Im using this as an example (Calculating moving average) which I have successfully incorporated into my code. I need to calculate rolling mean and rolling median (which I have done) but my data set is enormous and I need to add a secondary variable to filter this by. In the example below, they calculate rolling mean for a data set of 10 days. What happens if they have 10 days for different locations, and we need to calculate the rolling means for 10 days based on these different location?
library(tidyverse)
library(zoo)
some_data = tibble(day = 1:10)
# cma = centered moving average
# tma = trailing moving average
some_data = some_data %>%
mutate(roll_mean = rollmean(day, k = 3, fill = NA)) %>%
mutate(roll_median = rollmedian(day, k = 3, fill = NA, align = "right"))
some_data
You can group by location :
library(tidyverse)
library(zoo)
some_data <- rbind(tibble(day = 1:5,location = c(rep("A",5))),
tibble(day = 1:5,location = c(rep("B",5))))

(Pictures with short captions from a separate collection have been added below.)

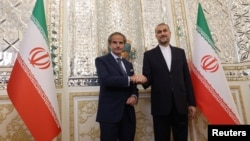 International Atomic Energy Agency Director General Rafael Grossi meets with Iran's Foreign Minister Hossein Amirabdollahian in Tehran, Iran, May 6, 2024. (Majid Asgaripour/WANA via Reuters)
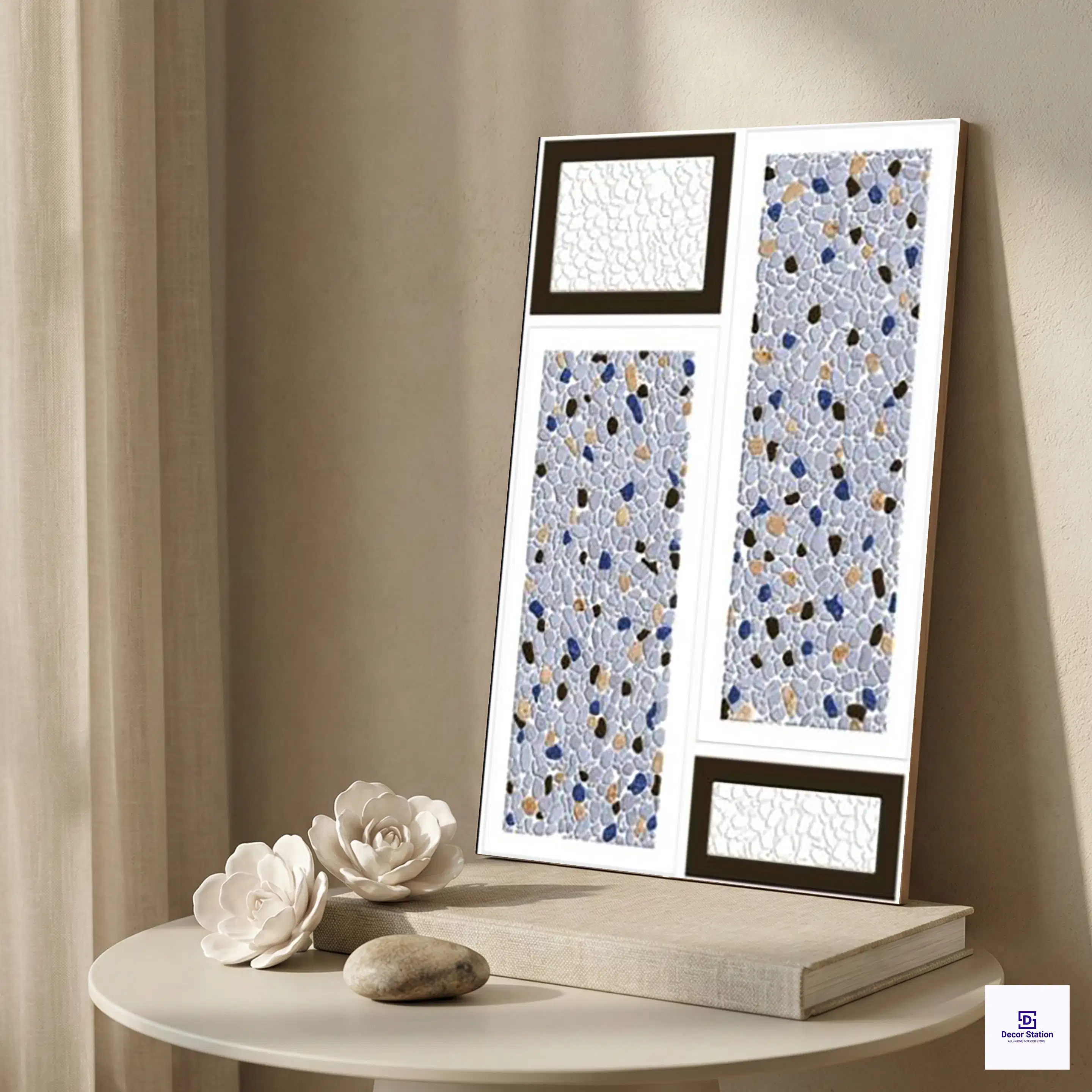 EL_639 Glossy Multicolour Pebble Elevation 1x1.5 ft 7.5 mm Wall Tile | TL-53038-A-0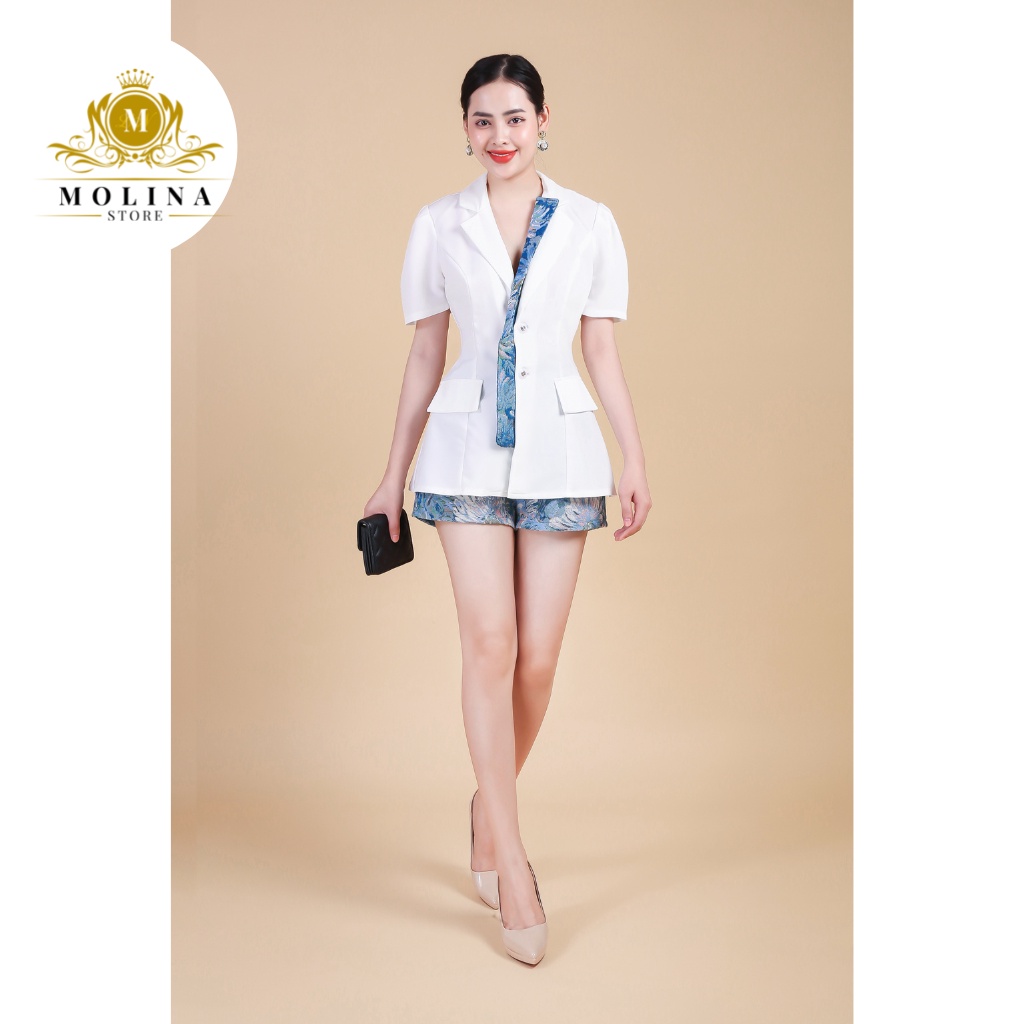 Set áo vest dạng ngắn không kèm đai molina sản xuất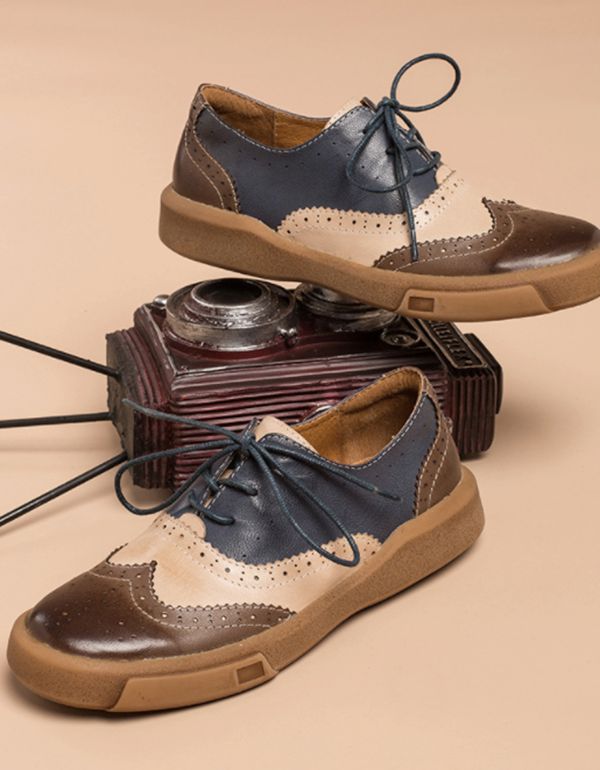 Chaussures Oxford Brock En Cuir Véritable Pour Femmes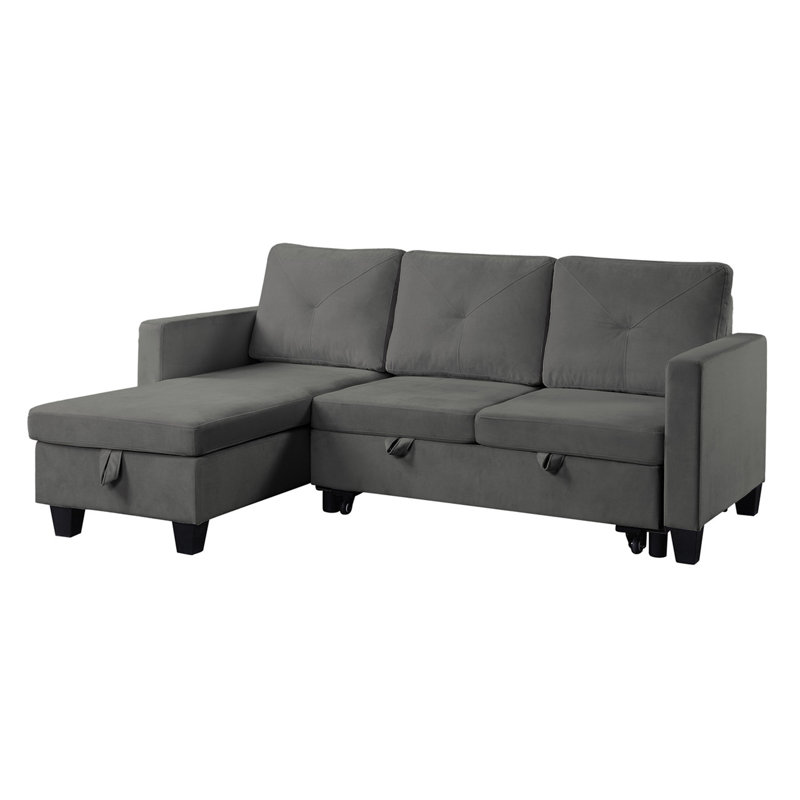 Nova 82.5" Dark Gray Velvet Reversible Sleeper Sectional Sofa With Storage Chaise, Dark Gray Velvet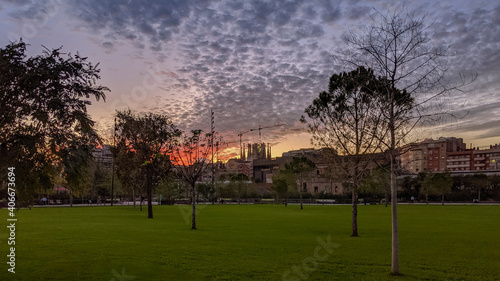 Photography View of the Gran Clariana Park, in Barcelona, at dusk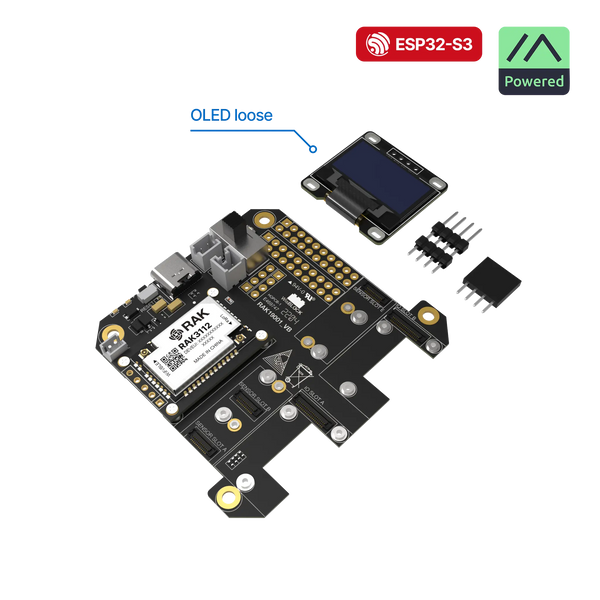 WisMesh RAK3312 Starter Kit | Modular WisBlock LoRa mesh kit with ESP32-S3 core, pre-flashed Meshtastic firmware, and antenna for off-grid communication | RAK10725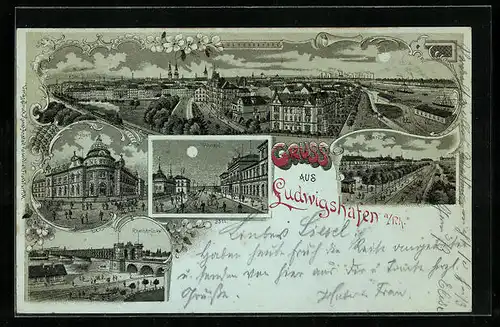 Mondschein-Lithographie Ludwigshafen a. Rh., Rheinbrücke, Bahnhof, Post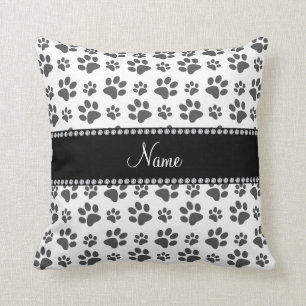 Personalized name white dog paw print throw pillow
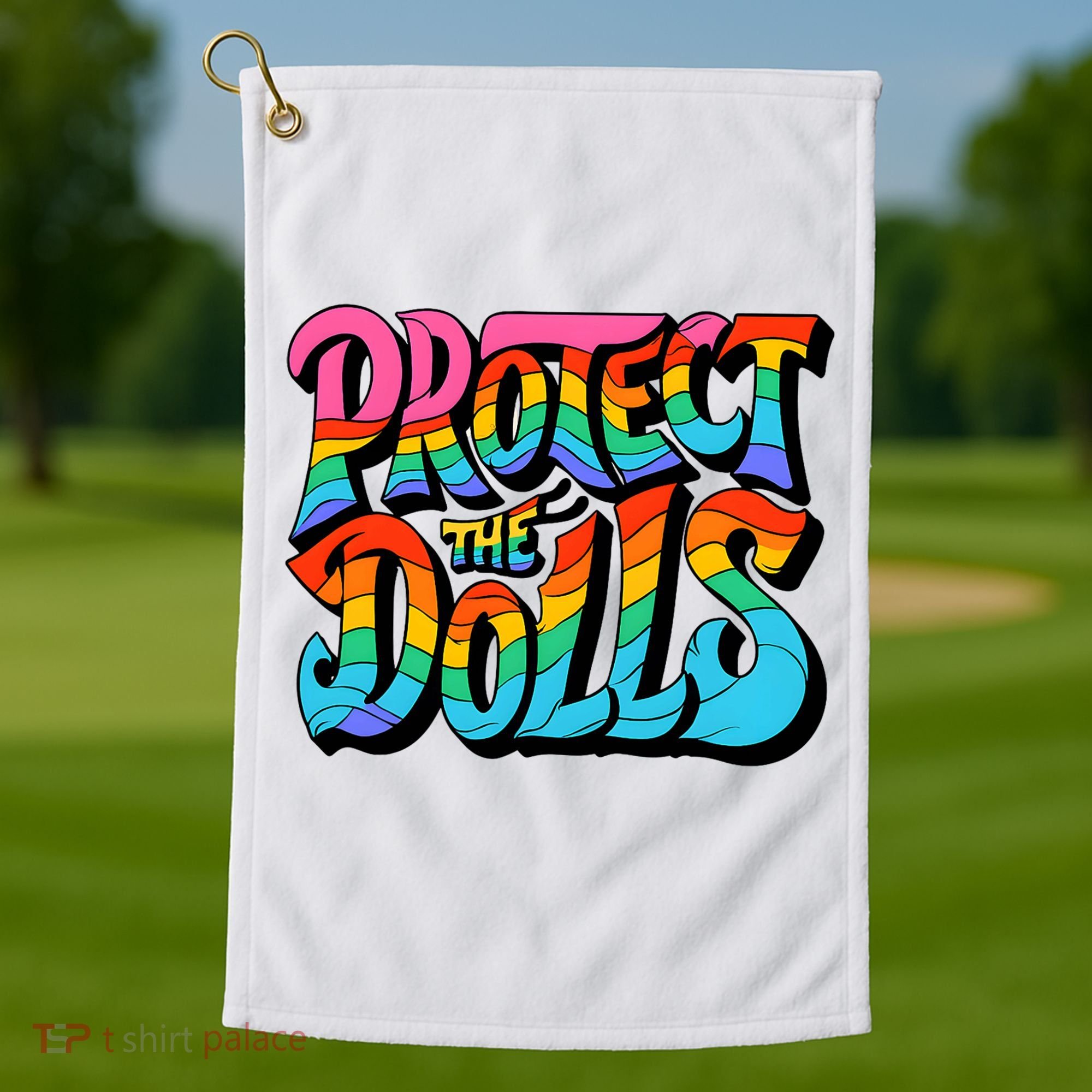 Protect The Dolls Retro Protect The Dolls LGBTQ Pride  Golf Towel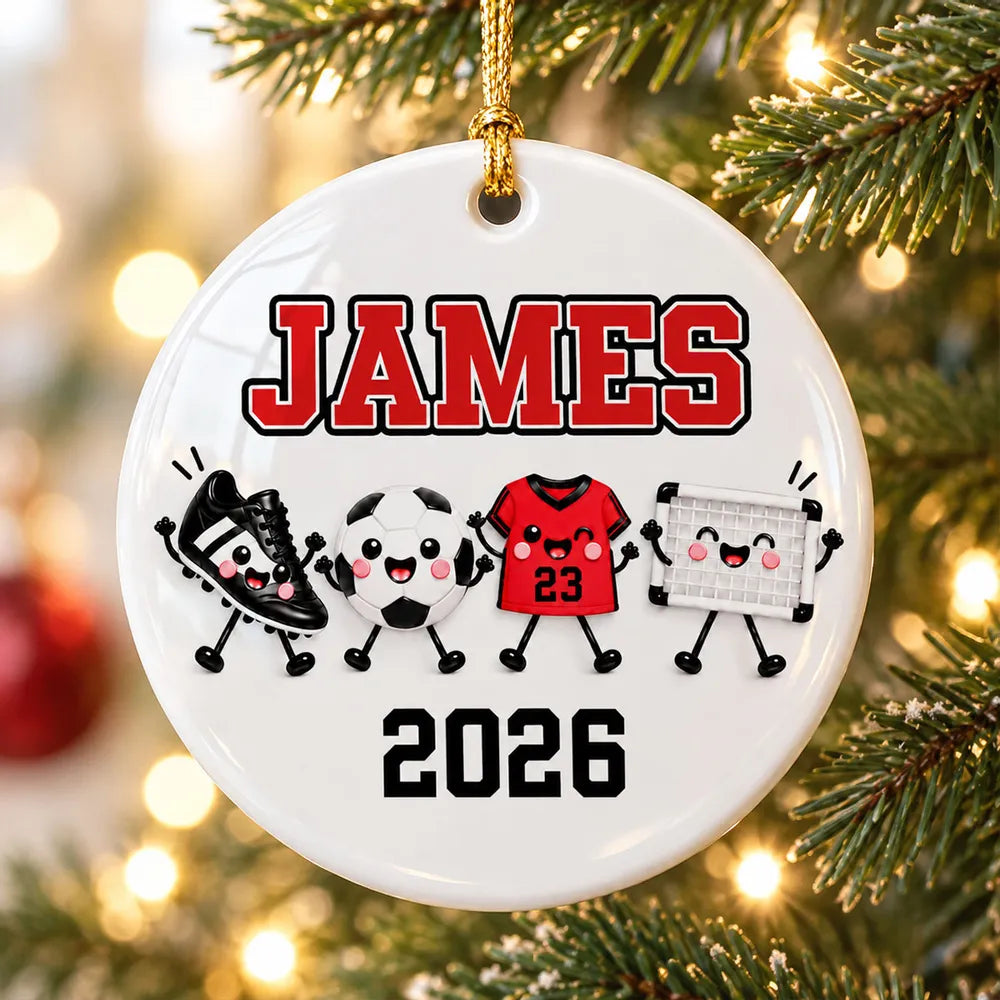 Personalized Ceramic Soccer Ornament Custom Name Christmas Gift for Players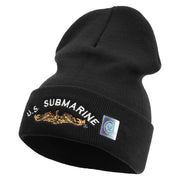 Licensed Made in USA Golden US Submarine Logo Embroidered 12 Inch Solid Knit Cuff Long Beanie - Black OSFM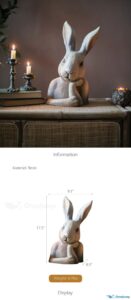 Orcajump - Easter Bunny Daydream standbeelddecoratie - gemaakt van hars in 2025 | Bunny -standbeeld, konijn beeldhouwkunst, sculptuur van papieren maché -kunst 1 66ab807895a96fa8ccb2eb60aa6e67c1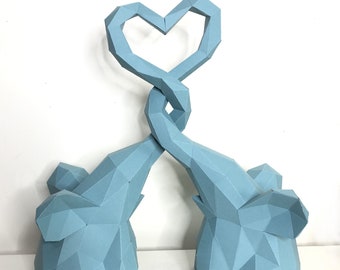 Lovers 3d papercraft. You get SVG, PDF digital file template and instructions for this DIY (do it yourself) modern paper sculpture.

some_data <- some_data %>% group_by(location) %>%
mutate(roll_mean_left = rollmean(day, k = 3, fill = NA, align='left'),
roll_mean_right = rollmean(day, k = 3, fill = NA, align='center'),
roll_median_center = rollmedian(day, k = 3, fill = NA, align = 'right'))
some_data
The roll function reinitializes for each location.
Note how the rolling window moves according to the align
parameter:
day location roll_mean_left roll_mean_right roll_median_center
<int> <chr> <dbl> <dbl> <dbl>
1 1 A 2 NA NA
2 2 A 3 2 NA
3 3 A 4 3 2
4 4 A NA 4 3
5 5 A NA NA 4
6 1 B 2 NA NA
7 2 B 3 2 NA
8 3 B 4 3 2
9 4 B NA 4 3
10 5 B NA NA 4